----- STUDY MATERIAL -----

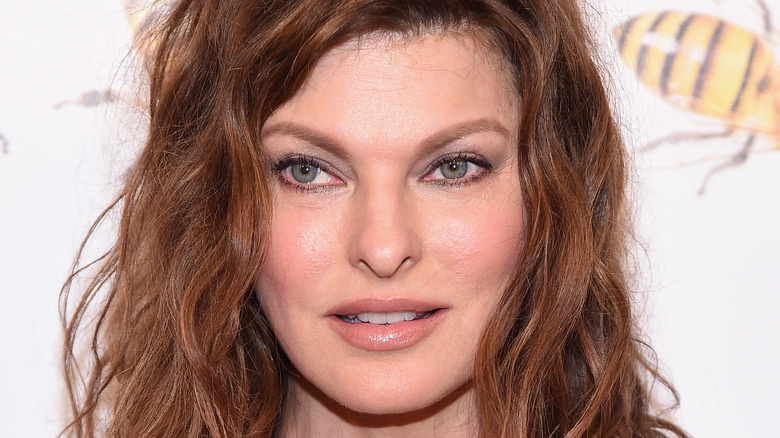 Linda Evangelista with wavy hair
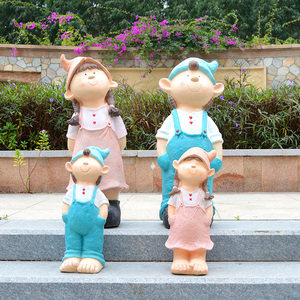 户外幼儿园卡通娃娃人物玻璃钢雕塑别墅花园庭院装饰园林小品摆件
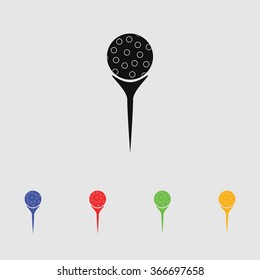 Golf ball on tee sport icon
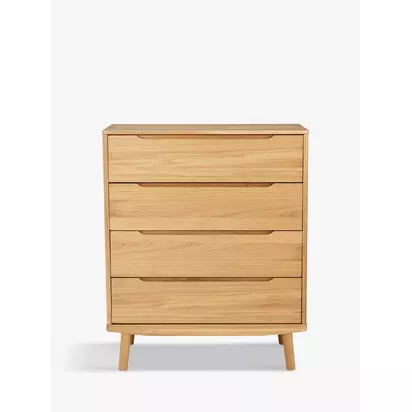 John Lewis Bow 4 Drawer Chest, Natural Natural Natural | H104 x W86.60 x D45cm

-----
----- STUDY MATERIAL -----

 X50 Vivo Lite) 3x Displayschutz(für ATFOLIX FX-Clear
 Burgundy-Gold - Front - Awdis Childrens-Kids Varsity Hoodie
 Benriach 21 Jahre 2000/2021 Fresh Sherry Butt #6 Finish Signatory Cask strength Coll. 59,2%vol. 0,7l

-----
----- STUDY MATERIAL -----

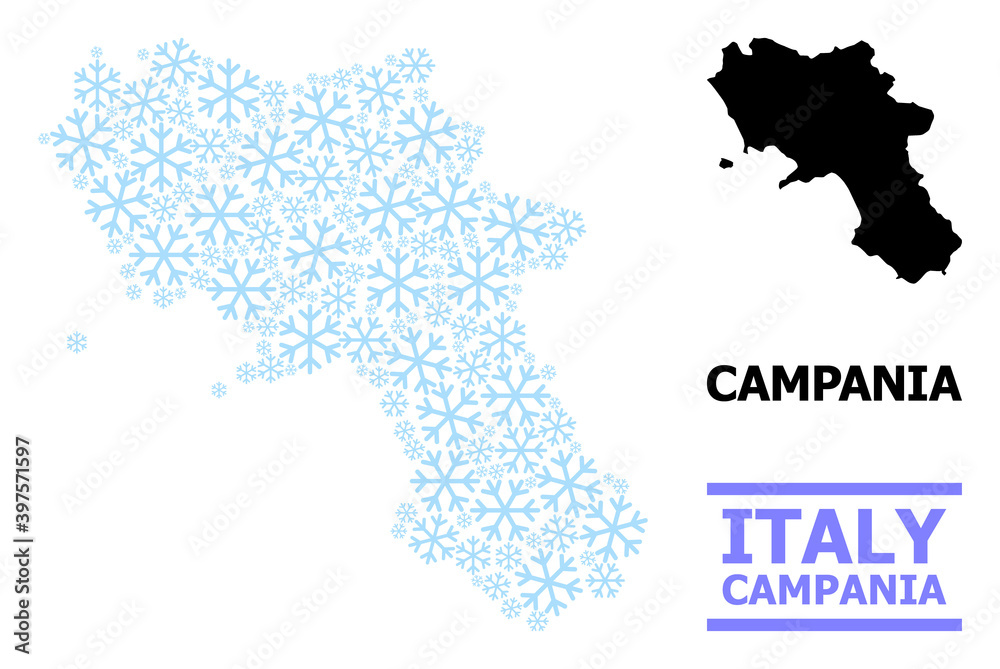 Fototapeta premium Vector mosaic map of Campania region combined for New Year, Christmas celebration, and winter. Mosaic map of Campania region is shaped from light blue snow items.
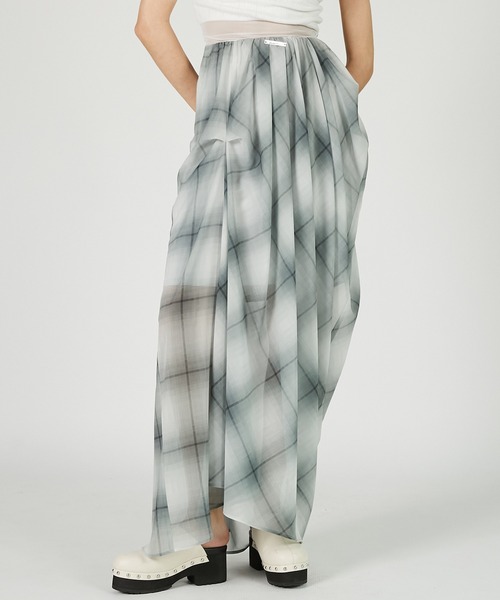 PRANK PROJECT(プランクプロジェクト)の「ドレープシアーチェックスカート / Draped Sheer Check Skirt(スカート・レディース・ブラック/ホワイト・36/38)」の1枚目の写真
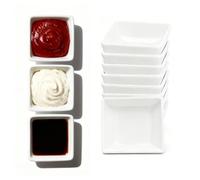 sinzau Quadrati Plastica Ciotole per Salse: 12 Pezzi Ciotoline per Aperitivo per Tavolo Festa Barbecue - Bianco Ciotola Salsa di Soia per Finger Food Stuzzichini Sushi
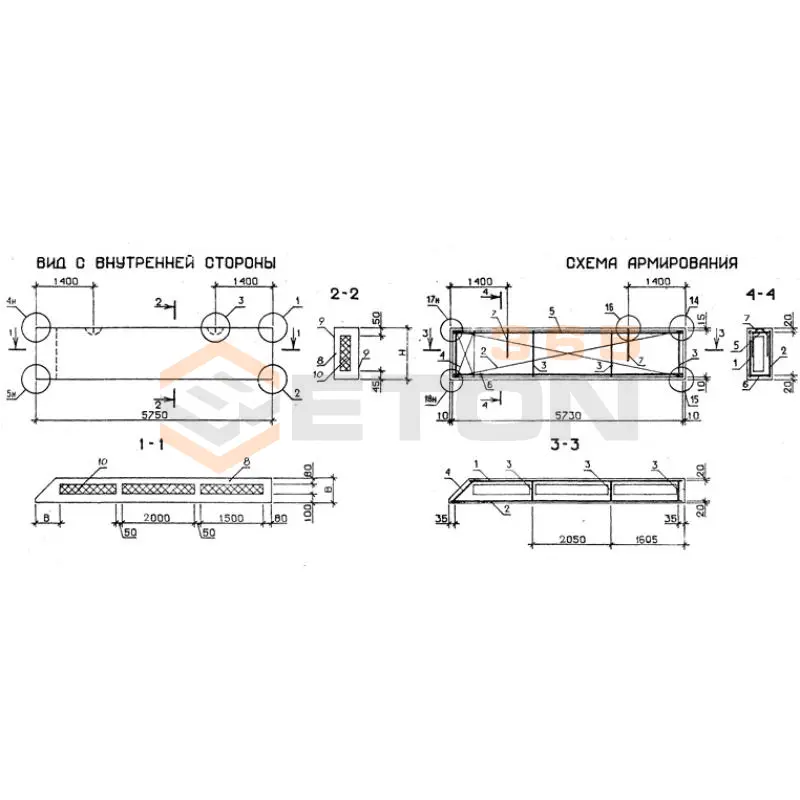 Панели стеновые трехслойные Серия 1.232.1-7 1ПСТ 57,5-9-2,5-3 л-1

-----

> REQUIRED ACTION
Using the listing above, restate exactly the range between the lines holding "Fototapeta premium Vector" and "Панели стеновые трехслойные", inclusive, with pictures left out.

> RESPONSE
 Fototapeta premium Vector mosaic map of Campania region combined for New Year, Christmas celebration, and winter. Mosaic map of Campania region is shaped from light blue snow items.
 PRANK PROJECT(プランクプロジェクト)の「ドレープシアーチェックスカート / Draped Sheer Check Skirt(スカート・レディース・ブラック/ホワイト・36/38)」の1枚目の写真
 sinzau Quadrati Plastica Ciotole per Salse: 12 Pezzi Ciotoline per Aperitivo per Tavolo Festa Barbecue - Bianco Ciotola Salsa di Soia per Finger Food Stuzzichini Sushi
 Панели стеновые трехслойные Серия 1.232.1-7 1ПСТ 57,5-9-2,5-3 л-1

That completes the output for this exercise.